* **WHAT YOU HAVE TO DO**
A line belongs in the answer if it contains "Tiguan"; copy every such line from the entries below.

[Stored entries]

::::::

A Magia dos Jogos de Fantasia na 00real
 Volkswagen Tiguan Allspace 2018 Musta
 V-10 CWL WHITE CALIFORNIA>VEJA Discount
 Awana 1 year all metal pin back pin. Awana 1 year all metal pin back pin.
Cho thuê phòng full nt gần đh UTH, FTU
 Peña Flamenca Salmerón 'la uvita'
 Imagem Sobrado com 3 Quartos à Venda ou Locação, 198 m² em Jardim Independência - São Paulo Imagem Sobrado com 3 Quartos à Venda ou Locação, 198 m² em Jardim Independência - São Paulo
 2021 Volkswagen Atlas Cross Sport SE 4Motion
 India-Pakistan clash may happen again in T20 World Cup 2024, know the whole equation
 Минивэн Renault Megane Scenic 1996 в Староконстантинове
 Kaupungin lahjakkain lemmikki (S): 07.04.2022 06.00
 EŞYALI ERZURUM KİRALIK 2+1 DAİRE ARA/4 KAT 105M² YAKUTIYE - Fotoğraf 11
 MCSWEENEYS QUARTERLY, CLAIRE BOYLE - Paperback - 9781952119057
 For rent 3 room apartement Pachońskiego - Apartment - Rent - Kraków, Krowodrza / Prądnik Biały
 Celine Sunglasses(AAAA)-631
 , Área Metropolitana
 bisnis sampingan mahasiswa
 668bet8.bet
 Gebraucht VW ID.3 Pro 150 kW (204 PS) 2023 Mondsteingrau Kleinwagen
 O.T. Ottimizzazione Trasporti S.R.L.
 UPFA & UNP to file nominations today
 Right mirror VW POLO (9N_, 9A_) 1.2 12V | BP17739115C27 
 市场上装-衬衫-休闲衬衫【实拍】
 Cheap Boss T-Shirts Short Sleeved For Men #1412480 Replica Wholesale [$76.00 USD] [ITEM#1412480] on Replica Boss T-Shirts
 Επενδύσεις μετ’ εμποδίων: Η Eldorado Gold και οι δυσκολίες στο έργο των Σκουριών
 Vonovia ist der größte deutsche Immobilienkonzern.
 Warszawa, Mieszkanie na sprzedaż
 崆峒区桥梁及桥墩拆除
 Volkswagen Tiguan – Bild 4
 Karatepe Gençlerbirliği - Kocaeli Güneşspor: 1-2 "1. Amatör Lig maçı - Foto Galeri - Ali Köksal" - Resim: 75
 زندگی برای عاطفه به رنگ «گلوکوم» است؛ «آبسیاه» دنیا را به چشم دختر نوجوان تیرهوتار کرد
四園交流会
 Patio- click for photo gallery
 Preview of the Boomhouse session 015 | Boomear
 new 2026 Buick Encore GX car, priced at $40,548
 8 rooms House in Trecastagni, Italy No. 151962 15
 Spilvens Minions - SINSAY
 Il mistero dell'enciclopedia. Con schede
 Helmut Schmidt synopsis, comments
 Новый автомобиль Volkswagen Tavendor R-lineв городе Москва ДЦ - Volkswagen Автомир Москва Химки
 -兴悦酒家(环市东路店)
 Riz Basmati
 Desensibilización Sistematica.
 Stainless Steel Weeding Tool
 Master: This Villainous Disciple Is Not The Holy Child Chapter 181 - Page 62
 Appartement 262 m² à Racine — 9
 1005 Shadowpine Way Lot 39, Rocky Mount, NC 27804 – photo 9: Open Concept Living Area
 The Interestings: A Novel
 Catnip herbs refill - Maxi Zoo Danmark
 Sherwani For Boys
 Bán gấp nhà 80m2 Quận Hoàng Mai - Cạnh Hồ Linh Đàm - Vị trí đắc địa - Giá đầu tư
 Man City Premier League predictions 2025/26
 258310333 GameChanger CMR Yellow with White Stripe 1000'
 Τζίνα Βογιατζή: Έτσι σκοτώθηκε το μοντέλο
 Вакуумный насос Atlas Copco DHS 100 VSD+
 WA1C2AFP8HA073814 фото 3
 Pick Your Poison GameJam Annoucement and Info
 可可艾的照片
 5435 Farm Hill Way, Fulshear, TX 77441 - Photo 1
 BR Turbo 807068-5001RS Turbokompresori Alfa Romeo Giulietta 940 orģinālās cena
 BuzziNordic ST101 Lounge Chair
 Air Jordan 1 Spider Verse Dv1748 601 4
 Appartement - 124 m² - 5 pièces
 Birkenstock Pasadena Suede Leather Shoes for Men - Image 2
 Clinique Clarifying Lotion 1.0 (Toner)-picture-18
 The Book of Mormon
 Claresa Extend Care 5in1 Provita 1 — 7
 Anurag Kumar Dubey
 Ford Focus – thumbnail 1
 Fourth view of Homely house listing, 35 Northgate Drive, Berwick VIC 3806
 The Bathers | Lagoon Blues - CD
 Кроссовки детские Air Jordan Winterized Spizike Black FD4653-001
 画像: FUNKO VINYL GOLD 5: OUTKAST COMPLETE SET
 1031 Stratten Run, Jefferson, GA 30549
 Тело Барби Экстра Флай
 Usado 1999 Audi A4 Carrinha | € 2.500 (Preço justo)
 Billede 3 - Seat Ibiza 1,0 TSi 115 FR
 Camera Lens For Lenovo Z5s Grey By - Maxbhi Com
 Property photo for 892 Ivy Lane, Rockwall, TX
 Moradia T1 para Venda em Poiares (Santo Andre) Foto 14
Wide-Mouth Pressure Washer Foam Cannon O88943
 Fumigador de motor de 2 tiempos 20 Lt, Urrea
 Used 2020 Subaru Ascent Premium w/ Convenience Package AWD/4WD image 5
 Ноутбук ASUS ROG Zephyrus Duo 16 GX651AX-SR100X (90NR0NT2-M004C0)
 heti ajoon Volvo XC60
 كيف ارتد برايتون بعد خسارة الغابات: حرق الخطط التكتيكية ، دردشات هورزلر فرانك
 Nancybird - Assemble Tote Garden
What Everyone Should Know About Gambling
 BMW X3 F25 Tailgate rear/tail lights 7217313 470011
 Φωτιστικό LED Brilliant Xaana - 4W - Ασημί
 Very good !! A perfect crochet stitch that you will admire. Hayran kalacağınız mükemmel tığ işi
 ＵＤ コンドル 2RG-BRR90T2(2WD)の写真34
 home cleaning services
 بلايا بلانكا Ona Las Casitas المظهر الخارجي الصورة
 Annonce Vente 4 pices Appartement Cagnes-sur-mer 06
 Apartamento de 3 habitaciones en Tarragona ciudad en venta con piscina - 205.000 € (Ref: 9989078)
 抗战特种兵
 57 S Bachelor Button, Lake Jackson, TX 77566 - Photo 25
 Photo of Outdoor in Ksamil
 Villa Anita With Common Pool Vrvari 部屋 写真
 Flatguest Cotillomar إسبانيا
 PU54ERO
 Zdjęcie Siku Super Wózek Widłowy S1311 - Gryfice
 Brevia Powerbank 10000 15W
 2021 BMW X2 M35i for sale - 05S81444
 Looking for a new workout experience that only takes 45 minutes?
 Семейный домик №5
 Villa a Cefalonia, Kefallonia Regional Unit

::::::

* **REPLY TO THE EXERCISE**
 Volkswagen Tiguan Allspace 2018 Musta
 Volkswagen Tiguan – Bild 4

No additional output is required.